Approximate Polynomial GCD Methods
Because Euclid's algorithm is numerically unstable on floating-point polynomials, the following approaches are used in practice:
- Subresultant PRS with scaling: Subresultant polynomial remainder sequences normalize the coefficients to reduce growth. This improves numerical behavior but does not fully solve rounding issues.
- Singular value decomposition (SVD): Represent the polynomial coefficients as a structured Sylvester matrix and compute its singular values. The smallest singular values indicate approximate common factors. The rank-deficiency of the Sylvester matrix corresponds to the degree of the approximate gcd.
- Total least squares and perturbation: The polynomials are slightly perturbed within the bounds of numerical precision to maximize the degree of the gcd. Algorithms based on structured total least squares find $\tilde{f}(x)$ and $\tilde{g}(x)$ close to $f(x)$ and $g(x)$ such that $\gcd(\tilde{f}, \tilde{g})$ has maximal degree.
Observations
- Euclid fails for approximate gcds: Even a single coefficient perturbation can reduce the degree of the computed gcd. For example, consider $f(x) = (x-1)(x-1.00001)$ and $g(x) = (x-1)(x-1.00002)$. Exact arithmetic would give $\gcd(f,g) = x-1$. Floating-point Euclid may produce a remainder with small but nonzero coefficients, causing it to report gcd of degree zero.
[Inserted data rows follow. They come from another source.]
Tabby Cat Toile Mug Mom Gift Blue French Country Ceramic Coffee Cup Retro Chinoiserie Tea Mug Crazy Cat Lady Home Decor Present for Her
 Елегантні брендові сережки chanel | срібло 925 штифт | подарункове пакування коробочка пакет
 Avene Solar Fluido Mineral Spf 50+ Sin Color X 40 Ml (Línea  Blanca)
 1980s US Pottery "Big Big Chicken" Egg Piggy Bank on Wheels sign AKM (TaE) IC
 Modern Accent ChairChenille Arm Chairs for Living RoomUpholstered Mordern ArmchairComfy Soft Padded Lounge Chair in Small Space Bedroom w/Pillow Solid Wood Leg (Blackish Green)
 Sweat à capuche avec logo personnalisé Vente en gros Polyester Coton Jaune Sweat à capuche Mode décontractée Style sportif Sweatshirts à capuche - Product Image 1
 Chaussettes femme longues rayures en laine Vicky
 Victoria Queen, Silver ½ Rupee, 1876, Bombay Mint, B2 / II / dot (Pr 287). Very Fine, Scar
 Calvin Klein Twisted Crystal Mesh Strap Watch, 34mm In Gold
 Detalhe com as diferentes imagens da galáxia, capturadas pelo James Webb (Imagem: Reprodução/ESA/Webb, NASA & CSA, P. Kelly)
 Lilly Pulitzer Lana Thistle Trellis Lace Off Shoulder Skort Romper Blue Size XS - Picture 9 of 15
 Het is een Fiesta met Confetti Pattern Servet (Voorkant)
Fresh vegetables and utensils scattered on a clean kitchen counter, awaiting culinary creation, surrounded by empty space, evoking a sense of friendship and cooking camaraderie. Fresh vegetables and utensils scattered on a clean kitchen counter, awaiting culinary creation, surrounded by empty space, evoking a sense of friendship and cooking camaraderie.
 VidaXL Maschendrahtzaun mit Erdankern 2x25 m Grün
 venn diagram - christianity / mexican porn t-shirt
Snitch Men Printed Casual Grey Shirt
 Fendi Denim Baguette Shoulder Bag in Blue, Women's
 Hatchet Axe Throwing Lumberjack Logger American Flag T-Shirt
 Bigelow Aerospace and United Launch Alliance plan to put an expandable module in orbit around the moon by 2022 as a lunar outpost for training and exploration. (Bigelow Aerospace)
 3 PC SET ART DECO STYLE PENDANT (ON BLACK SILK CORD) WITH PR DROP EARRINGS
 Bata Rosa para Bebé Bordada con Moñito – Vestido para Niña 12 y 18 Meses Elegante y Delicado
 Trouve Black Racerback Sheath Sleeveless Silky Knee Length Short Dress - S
- Stability depends on normalization: Scaling polynomials so that leading coefficients are 1 or using orthogonal polynomial bases (like Chebyshev) reduces error propagation.
- Degree of approximate gcd: The correct notion is not the algebraic gcd but the maximal-degree polynomial that divides small perturbations of the input polynomials.
Conclusion
The key facts about approximate polynomial gcds and Euclid's algorithm with floating-point coefficients are:
- Euclid's algorithm is exact over a field with exact arithmetic, but floating-point arithmetic introduces rounding errors that accumulate, potentially giving incorrect gcd degrees.
- Small perturbations in coefficients can make polynomials that share a factor appear coprime numerically.
- Approximate gcd methods rely on analyzing the Sylvester matrix, using SVD, or total least squares to detect common factors robustly.
- Any practical computation of a polynomial gcd with floating-point coefficients must account for numerical error; one cannot naively apply standard Euclid's algorithm and expect exact results.
- Algorithmically, stabilization techniques like subresultant sequences, coefficient scaling, and matrix-based SVD approaches are essential to accurately identify approximate gcds.
This completes the discussion of approximate polynomial gcds and the limitations of Euclid's algorithm in floating-point arithmetic.